Because of grandma’s Catholic faith, we paid an additional $300 to prioritize her cremation, $525 for the urn to place her ashes, $48 for two certified death certificates, plus the added state fees. Although we paid extra to prioritize her cremation, it still took five days for her body to be cremated.
Even though we thought we’d prepared ourselves financially by signing a contract early on with a mortuary for funeral and burial services, that wasn’t the case. In all, we had to pay over $5,000 in additional upfront costs—more than $3,000 for the cremation and over $2,000 for the down payment (to continue making payments) on the niche where her ashes were placed.
Despite our best efforts, my family was not prepared for the financial burden brought by my grandma’s passing.
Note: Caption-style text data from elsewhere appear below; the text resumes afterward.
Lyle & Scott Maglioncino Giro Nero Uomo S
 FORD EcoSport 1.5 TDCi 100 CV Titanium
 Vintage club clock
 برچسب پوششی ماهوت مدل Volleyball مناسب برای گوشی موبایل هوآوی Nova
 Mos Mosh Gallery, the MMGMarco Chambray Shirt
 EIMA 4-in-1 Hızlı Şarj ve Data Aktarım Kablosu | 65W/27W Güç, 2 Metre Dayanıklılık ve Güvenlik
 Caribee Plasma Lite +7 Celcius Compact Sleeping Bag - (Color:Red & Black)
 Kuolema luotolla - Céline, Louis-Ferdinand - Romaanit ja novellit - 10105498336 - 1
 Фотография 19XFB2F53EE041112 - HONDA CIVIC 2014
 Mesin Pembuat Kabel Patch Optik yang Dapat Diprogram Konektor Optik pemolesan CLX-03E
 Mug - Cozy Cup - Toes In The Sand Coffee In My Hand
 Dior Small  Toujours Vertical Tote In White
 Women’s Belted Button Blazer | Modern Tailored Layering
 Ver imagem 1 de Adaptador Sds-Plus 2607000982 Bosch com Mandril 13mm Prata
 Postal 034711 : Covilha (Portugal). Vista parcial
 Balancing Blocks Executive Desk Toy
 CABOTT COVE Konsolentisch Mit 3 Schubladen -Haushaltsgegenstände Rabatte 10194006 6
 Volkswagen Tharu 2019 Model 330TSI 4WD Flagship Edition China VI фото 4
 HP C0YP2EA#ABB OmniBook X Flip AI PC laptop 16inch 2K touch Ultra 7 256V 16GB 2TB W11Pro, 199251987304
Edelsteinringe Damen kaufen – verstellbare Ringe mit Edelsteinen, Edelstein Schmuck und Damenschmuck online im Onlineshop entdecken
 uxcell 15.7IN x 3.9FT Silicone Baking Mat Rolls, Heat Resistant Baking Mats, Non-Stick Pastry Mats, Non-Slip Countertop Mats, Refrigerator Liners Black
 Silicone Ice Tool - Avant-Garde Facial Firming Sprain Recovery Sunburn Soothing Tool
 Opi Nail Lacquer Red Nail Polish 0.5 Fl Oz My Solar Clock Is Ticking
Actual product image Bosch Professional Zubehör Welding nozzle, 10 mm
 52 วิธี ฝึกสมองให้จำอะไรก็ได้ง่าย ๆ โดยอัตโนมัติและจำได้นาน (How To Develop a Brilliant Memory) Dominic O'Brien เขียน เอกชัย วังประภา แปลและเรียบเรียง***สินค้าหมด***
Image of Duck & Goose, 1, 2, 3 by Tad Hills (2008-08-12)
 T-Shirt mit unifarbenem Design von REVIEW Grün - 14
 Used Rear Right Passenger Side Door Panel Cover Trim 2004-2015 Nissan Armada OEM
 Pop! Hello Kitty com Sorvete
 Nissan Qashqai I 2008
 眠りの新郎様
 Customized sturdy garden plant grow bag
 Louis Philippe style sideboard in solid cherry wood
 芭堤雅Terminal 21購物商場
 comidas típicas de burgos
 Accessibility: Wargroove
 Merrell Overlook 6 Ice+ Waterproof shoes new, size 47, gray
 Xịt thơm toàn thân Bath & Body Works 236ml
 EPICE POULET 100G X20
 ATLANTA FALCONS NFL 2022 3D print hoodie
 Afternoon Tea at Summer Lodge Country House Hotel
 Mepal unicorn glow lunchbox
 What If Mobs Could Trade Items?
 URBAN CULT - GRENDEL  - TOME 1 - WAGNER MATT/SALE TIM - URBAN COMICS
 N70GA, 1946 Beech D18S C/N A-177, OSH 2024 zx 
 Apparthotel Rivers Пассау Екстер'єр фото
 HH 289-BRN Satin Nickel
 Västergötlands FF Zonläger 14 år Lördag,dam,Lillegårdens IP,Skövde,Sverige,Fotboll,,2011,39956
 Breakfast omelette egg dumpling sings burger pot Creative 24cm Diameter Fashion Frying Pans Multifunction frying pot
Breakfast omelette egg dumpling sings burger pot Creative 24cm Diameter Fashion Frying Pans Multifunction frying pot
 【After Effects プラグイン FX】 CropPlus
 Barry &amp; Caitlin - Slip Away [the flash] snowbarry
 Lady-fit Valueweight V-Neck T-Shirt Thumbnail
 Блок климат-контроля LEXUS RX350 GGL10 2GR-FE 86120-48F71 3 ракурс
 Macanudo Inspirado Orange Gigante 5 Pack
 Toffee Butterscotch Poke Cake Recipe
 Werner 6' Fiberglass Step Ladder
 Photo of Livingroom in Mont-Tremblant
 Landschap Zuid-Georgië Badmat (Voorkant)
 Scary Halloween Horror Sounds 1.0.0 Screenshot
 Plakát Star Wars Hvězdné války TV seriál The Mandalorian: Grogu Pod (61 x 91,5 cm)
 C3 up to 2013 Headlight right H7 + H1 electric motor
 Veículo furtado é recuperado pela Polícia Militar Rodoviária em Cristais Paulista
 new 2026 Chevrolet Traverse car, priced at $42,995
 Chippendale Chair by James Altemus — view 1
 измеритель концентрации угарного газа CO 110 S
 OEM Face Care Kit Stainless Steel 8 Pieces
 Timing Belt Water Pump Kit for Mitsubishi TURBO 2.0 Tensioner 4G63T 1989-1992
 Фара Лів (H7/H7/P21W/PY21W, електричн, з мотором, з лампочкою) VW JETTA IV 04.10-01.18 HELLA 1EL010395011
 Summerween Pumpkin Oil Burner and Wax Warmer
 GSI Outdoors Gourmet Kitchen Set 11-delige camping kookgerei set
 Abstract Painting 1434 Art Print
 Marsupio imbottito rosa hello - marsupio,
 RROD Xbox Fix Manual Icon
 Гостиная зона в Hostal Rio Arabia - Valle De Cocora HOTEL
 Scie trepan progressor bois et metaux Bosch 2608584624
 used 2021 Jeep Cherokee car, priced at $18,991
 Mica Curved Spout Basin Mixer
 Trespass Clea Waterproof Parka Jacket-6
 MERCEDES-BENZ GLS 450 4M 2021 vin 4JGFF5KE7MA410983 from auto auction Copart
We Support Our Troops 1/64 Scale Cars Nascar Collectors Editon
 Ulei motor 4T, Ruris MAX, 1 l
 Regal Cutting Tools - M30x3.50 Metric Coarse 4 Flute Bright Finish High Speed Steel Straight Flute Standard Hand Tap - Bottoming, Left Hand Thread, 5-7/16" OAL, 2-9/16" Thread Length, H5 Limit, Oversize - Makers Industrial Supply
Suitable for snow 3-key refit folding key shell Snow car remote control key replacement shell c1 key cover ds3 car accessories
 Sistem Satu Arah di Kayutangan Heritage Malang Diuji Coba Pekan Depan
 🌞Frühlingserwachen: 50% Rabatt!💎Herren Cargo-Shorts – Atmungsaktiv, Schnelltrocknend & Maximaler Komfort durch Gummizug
While I was able to advocate for my family and help us navigate all the complex and expensive paperwork, we could’ve been better prepared.
For those looking to avoid the same challenges, the Consumer Guide to Funeral and Cemetery Purchases, published by the California Department of Consumer Affairs’ Cemetary and Funeral Bureau, is a great place to start. So is Oakland author Jessica Mitford’s book, The American Way of Death, an exposé of the U.S. funeral industry and its predatory practices towards grieving families.

Earlier this week, I was watching the Country Music Hall of Fame’s induction ceremony for Wynonna Judd and her late mother, Naomi Judd. During her acceptance speech, Judd said, “It’s a very strange dynamic to be this broken and this blessed.” Like Judd, I feel blessed that my job as a journalist allows me the opportunity to write personal essays like this one in hopes that my words can help others. At the same time, as a grieving granddaughter, this has been one of the hardest stories I’ve ever written. I hope it helps other families have an easier time dealing with the unimaginable pain of losing a loved one, and with navigating what happens next.